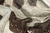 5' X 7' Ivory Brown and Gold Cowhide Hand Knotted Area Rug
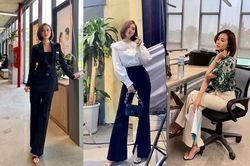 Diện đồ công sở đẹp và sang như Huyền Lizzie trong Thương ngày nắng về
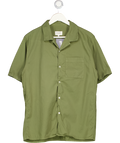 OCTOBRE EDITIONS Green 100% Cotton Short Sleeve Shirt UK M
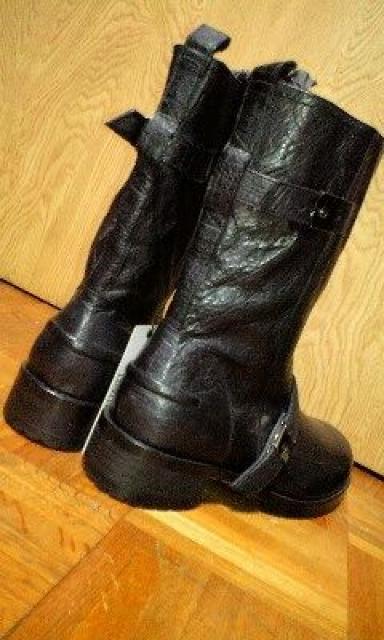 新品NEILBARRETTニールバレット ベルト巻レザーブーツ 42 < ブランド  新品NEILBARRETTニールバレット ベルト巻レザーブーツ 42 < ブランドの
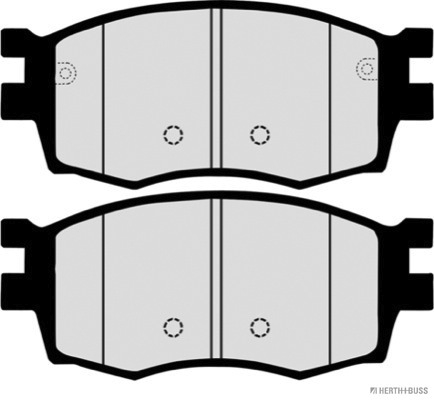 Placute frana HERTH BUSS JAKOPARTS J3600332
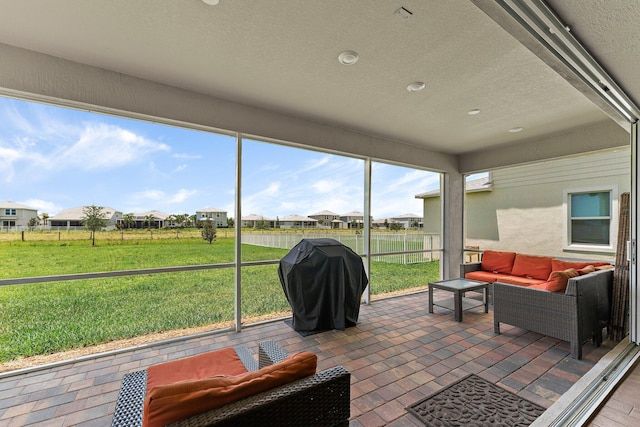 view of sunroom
==
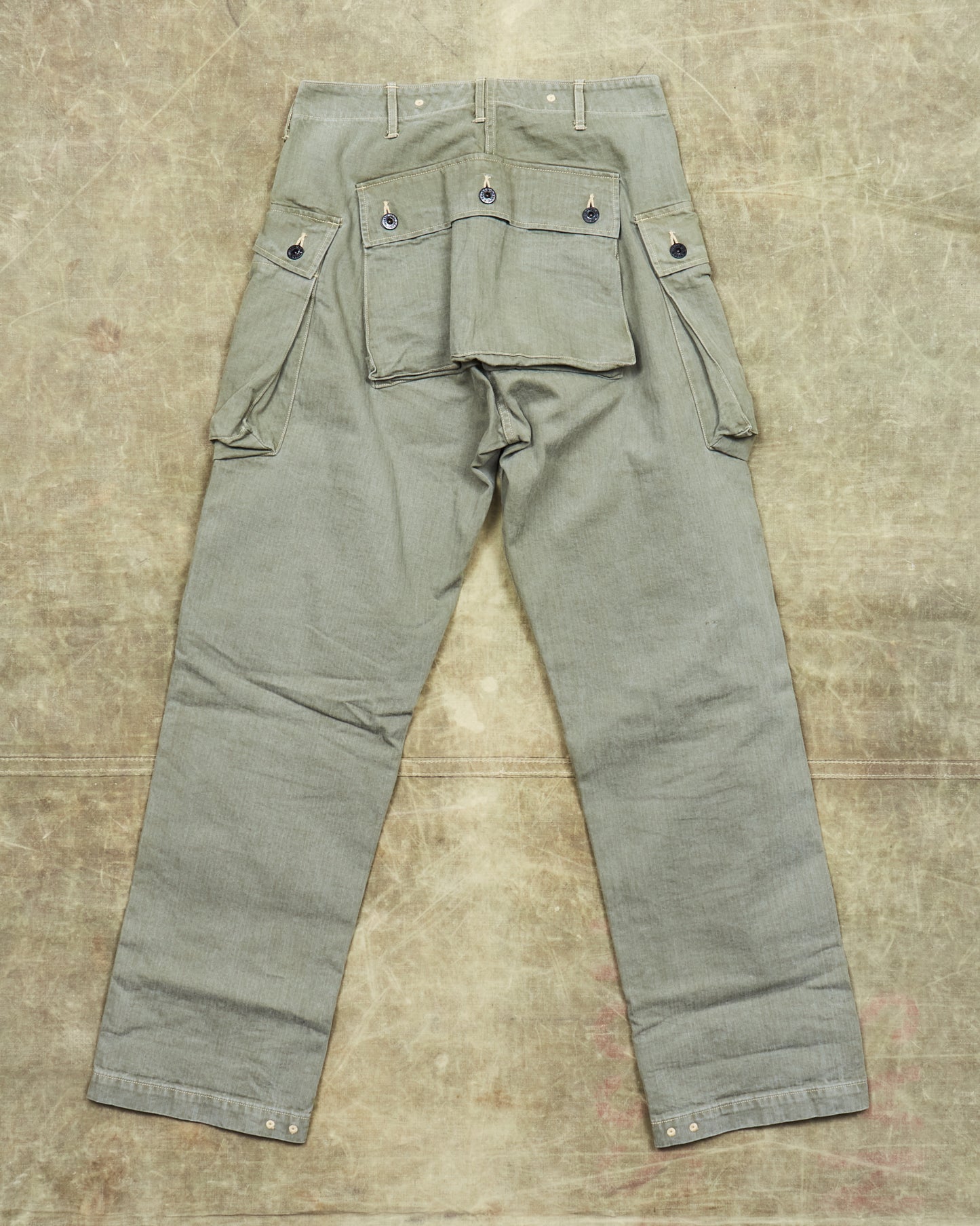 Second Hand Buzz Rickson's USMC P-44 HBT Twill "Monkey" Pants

**Work instructions**
Going by the data above, give back only the lines from the one containing "5' X 7' Ivory" through the one containing "view of sunroom", exactly as they stand, both ends included and no images.

**Worked solution**
 5' X 7' Ivory Brown and Gold Cowhide Hand Knotted Area Rug
 Diện đồ công sở đẹp và sang như Huyền Lizzie trong Thương ngày nắng về
 OCTOBRE EDITIONS Green 100% Cotton Short Sleeve Shirt UK M
 新品NEILBARRETTニールバレット ベルト巻レザーブーツ 42 < ブランド  新品NEILBARRETTニールバレット ベルト巻レザーブーツ 42 < ブランドの
 Placute frana HERTH BUSS JAKOPARTS J3600332
 view of sunroom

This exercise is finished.